**** Available records ****

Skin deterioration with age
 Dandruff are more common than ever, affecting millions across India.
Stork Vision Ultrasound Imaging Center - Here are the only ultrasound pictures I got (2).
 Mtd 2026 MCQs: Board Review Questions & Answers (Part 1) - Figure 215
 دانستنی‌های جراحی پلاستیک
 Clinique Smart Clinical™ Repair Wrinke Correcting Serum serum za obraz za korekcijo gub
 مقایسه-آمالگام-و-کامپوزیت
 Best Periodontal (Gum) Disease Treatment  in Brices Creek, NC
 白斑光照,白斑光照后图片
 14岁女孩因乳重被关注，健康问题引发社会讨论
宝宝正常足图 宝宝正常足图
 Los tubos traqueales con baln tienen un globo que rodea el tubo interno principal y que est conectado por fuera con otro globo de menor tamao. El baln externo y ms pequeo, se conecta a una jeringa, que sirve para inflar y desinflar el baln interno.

****

** What to work on **
Your task is to reproduce the entries exactly, starting at the first line and ending with the line containing "Mtd 2026 MCQs: Board".

** Solution to this task **
Skin deterioration with age
 Dandruff are more common than ever, affecting millions across India.
Stork Vision Ultrasound Imaging Center - Here are the only ultrasound pictures I got (2).
 Mtd 2026 MCQs: Board Review Questions & Answers (Part 1) - Figure 215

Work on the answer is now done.